# sump advice



## scott tang (Jan 29, 2012)

i i have 3 salt water tanks but have never used a sump looking to set one up for my 125 galon 
what am i looking at cost wise ?
how dose a sump work and do i have to drill my tank ?


----------



## gklaw (May 31, 2010)

Drill it while you could. Regretting that I did not drill mine 15 years ago.
As to cost of sump. $75 for a 75g tank or $750 for a custom large sump. Add return bump for a 125g...., plumbing parts. Realistically, material would total easily starting at $300+
There is really no meaningful upper end depends what you want to achieve.
If you cannot plumb it yourself and don't have a dedicated buddy, add in the hourly rate and the cost shoot up fast.
If you just want autotop off, a 20g or even 10g could do as well.


----------



## scott tang (Jan 29, 2012)

ok so does my tank need to be drilled for a sump i have fish and water in it right now lol


----------



## gklaw (May 31, 2010)

Nothing is impossible but make it more interesting and need creativity.

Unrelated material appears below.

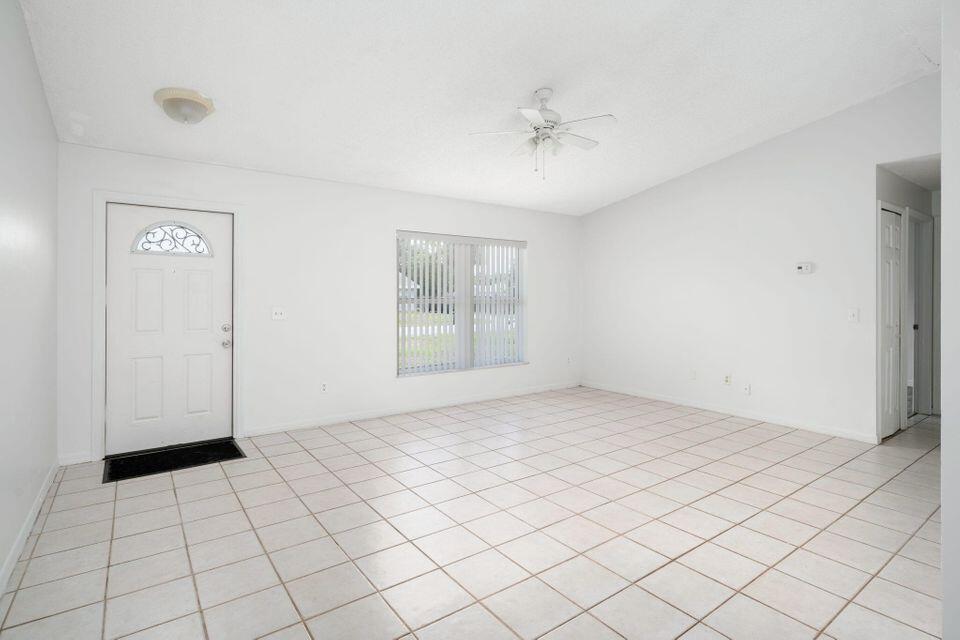 LAKEWOOD PARK UNIT 9 - Residential Lease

Spit.fire is creative if he could help you out.


----------



## monkE (Aug 4, 2010)

we just added a sump and a HOB overflow system to Neoh's tank. http://www.bcaquaria.com/forum/tank-journals-16/77g-lps-softie-reef-38605/ and it was up and running with fish and coral. 
there is really no limit to the costs lol depending on pumps and skimmer and sump you choose. Then if you want a fuge you need to get a light as well.


----------



## neoh (Apr 22, 2010)

As my friendly Ontario friend here mentioned. You can go with a HOB Overflow into a sump. You can either contruct your own or buy one complete. I got a 20g 3 baffle Aqueon Proflex 2 sump at King Eds for $220. Lots of people on canreef.com sell them all the time (here too of course - just not as often) You can just have the overflow into your tank, then another chamber where the water goes back and up into your tank using a return pump.

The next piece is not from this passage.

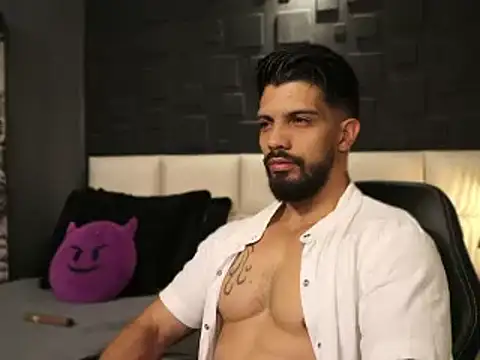 Snapshot of DannSaenz chatting on 20, 2, 2025 DannSaenz online show from 20, 2, 2025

With a 125g, I think you would be looking at about $500 minimum for your return pump, overflow, plumbing and sump. You would also want a skimmer, which would be anywhere between $150-$1500 for whatever it is you want.

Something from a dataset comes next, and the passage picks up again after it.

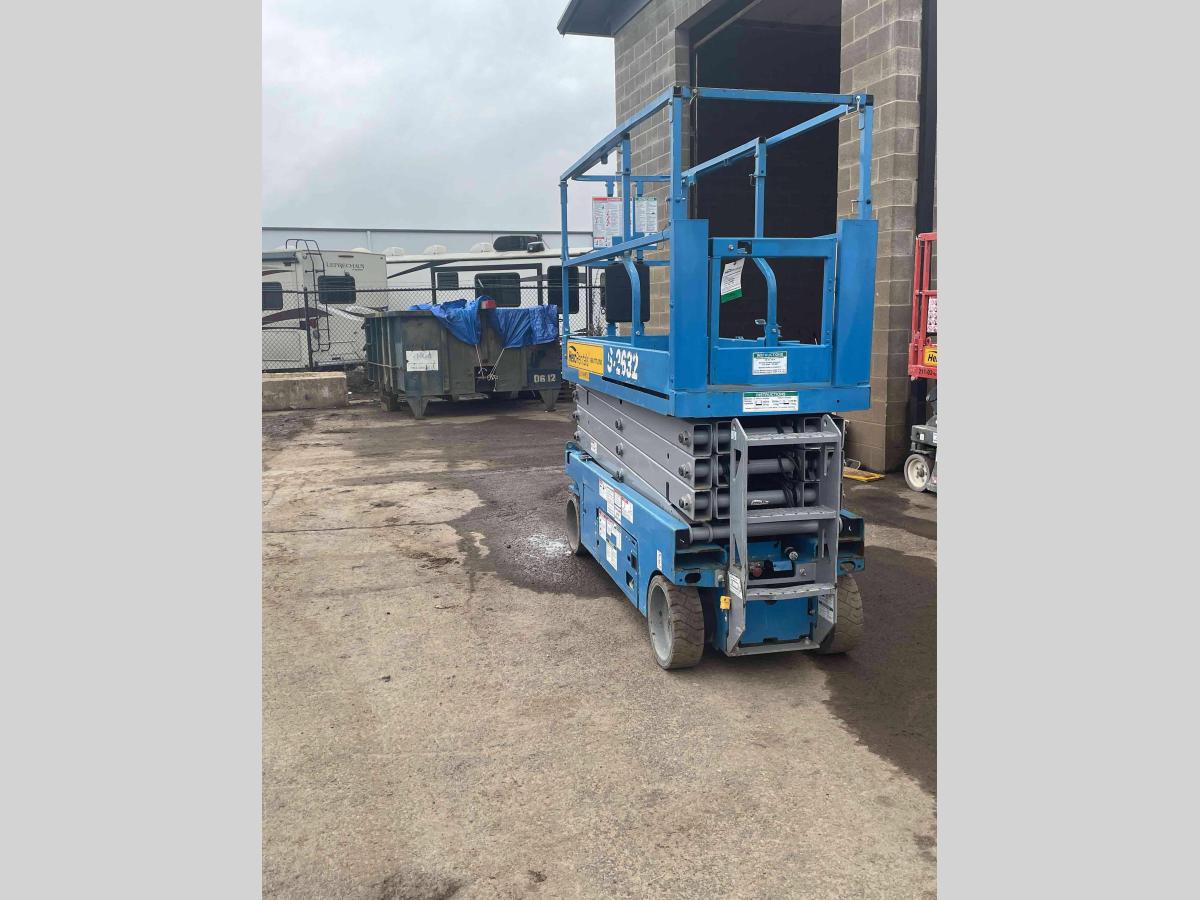 2017 Genie GS-2632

Here's a video from BRS that shows a sump, it's uses and different types:


----------



## scott tang (Jan 29, 2012)

i 100% dont want a scimmeri hate scimmers lol not sure i want a fuge just yet iether 

ok so doing a hang on over flow has risks i hear that true im not risking water on my flore lol


----------



## gklaw (May 31, 2010)

scott tang said:


> i 100% dont want a scimmeri hate scimmers lol not sure i want a fuge just yet iether
> 
> ok so doing a hang on over flow has risks i hear that true im not risking water on my flore lol


Hand flood twice in 15 years when snails got into the U-tube so if you keep the screen in place and get the flow rate right, there is very little risk.
No skimmer no fuge, so just an auto top off? Cheaper is a 5g pail and elbow grease, haha. Seriously, any container and a power head and a $50 for a used auto top off. I have even seen a mechanical used a used windshield washer pump to do an auto top off system.


----------



## scott tang (Jan 29, 2012)

i want some thing to put lr and mabie some bio bals in would 2 canister filters work better ?


----------



## dino (Aug 29, 2011)

you can get the tank cheap hopefully considering it does not have to look good around 100? then return pump around 125 I used a marinland for a few years now and then hob overflow 50-100 and then just baffles and plumbing. lots to learn about and lots fun


----------